Sometimes Always Never
Ageing father Alan refuses to give up the search for his missing son, aided by his love of words and the second son who stayed behind.
Billed as a "comedy, drama, mystery", cinemagoers may expect more from this gentle (very gentle) tale of a dad looking for a son who disappeared many years ago.
Bill Nighy ditches the soft southern English drawl we know and love him for in favour of a northern vernacular in this Merseyside-set feature.
He plays Alan, a tailor with a love of words, stemming from his serious Scrabble skills, who’s been doggedly searching for the son that walked out of the family home decades before.
His second son Peter (Sam Riley) joins him for an overnight trip to visit a morgue out of town after an unidentified body is found.
It’s clear the relationship is fractured, though not altogether ruined, and the night away – something Alan was angling for whereas Peter was against – serves as the start of a new chapter for their father-son bond.
Turning up at Peter’s home after their morgue visit, Alan decides to temporarily, and with no explanation, move in with his son’s family.
Sharing a room, and bunkbed, with grandson Jack (Louis Healy), it’s not long before the computer-competent pensioner takes an interest in the teenager’s gaming obsession and begins playing Scrabble online. One player soon catches his attention, and this online chance encounter sets Alan off on a fresh path to find his missing boy.
Subplots include two love affairs; one involving Alan and one concerning Jack, as well as Jack getting a dapper makeover courtesy of his tailor grandfather – the title refers to the way the three buttons on a suit should be fastened.
Carl Hunter’s feature film debut works better on reflection than when you’re sitting watching it.
The entire cast put in strong performances, but the slow-burning stories seems to just chug along, going nowhere fast, for the majority of the 91-minute runtime.

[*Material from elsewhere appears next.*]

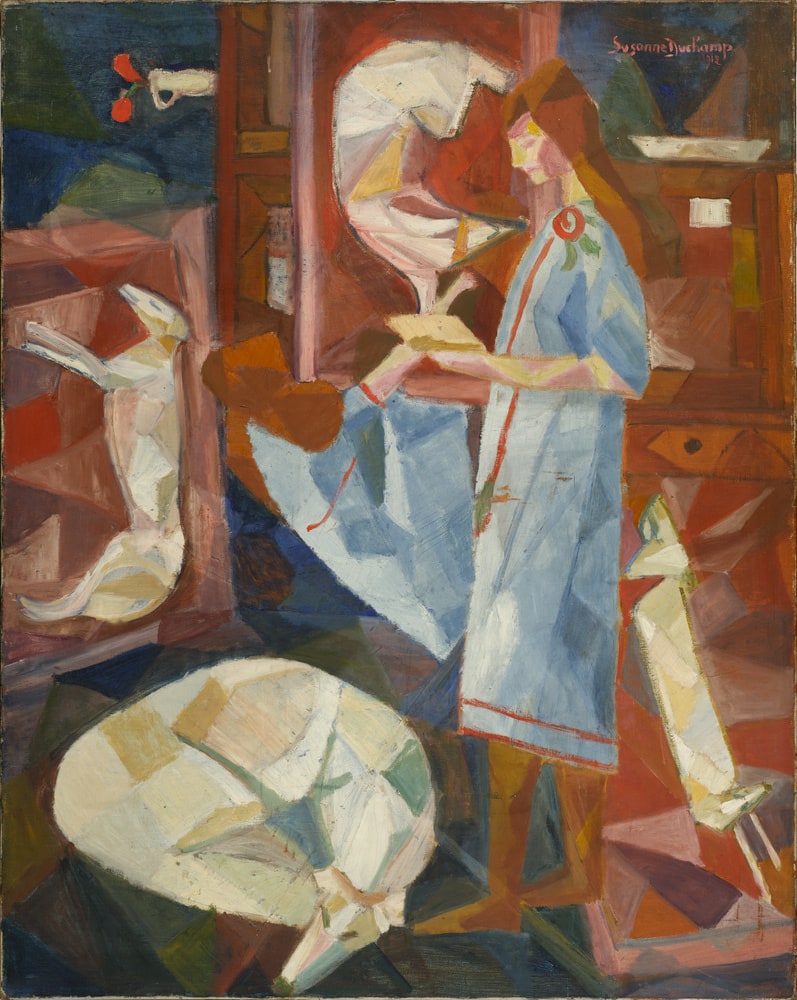 Jeune fille au chien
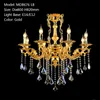 Gold Crystal Chandelier Lighting Fixture 8 Arms Classic Metal Chandelier Crystal Lustre Hanging Lamp for Foyer MD8676 D31.5 inch H32.2 inch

Hunter adds quite a few quirky, almost Wes Anderson-style, touches, like the Scrabble showdown between Alan and two fellow hotel guests, played by Jenny Agutter and Tim McInnerny, which are enjoyable, and there are moments of genuine wit in Frank Cottrell Boyce’s script.
However, some scenes try too hard or come with little explanation, giving the feature a student film feel. The first half also felt like a play rather than a movie.
The gentle pace never pulls the viewer in, meaning the themes, which are subtly woven in, get lost. And just like Alan’s missing son, lost they’ll stay unless you’re willing to pick back over the film after you’ve left the cinema.
It is worth giving it a once over in your mind after the credits roll as it’s then you’ll grasp how Alan may be a word master, but he severely lacks the communication skills needed when it comes to bonding with the family he still has left.
Is it enjoyable? Sometimes. Is Bill Nighy on great form? Always. Is it a cinematic classic? Never.